Connections work

Connections work

How a romance writer in Rockland got winter coats to a Little Rock nurse in Brooklyn

Kamron Steed and another visiting nurse visit a nearly empty Times Square before starting their first shift. (Kamron Steed)
Kamron Steed and another visiting nurse visit a nearly empty Times Square before starting their first shift. (Kamron Steed)

Everything is connected.

We know that’s true in the Jewish world, small and insular as it tends to be. But it’s true outside as well, particularly in these odd, fraught times.

Miriam Allenson of Clifton is the marketing and communications director of the Jewish Federation and Foundation of Rockland County. She’s also a published novelist; she writes romantic fiction, and she belongs to writers’ groups, where she learns and networks and in general polishes her art.

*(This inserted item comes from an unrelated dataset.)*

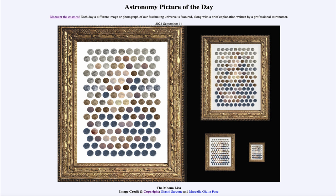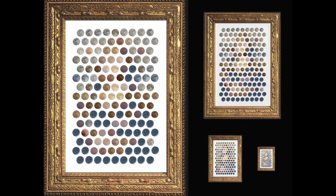Greetings and welcome to the Astronomy Picture of the Day podcast. Today's picture for September 14th of 2024 is titled the Moona Lisa. Here we see a framed portrait showing a whole bunch of images of our moon.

She met Karen Laird of Little Rock, Arkansas, on one of those groups. Karen reviewed Miriam’s first book, “For the Love of the Dame,” in 2014. When Miriam realized that she and Karen belonged to the same group, on Facebook, she wrote to Karen, who responded. The two became friends.

Facebook friends, that is; they’ve sent each other many private messages, as well as public ones, but they’ve never even spoken by voice, much less met in person. Still, the relationship is real.

So when Miriam saw Karen’s post saying that “her daughter-in-law was joining a bunch of nurses who were going to a hospital in New York to help out, I immediately sent her a private message telling her that I’d do anything I could to help her,” she said.

“I gave Karen both of my numbers, cellphone and landline, and she gave them to her daughter-in-law. I said that if for any reason whatsoever she needs anything, she should reach out to me.”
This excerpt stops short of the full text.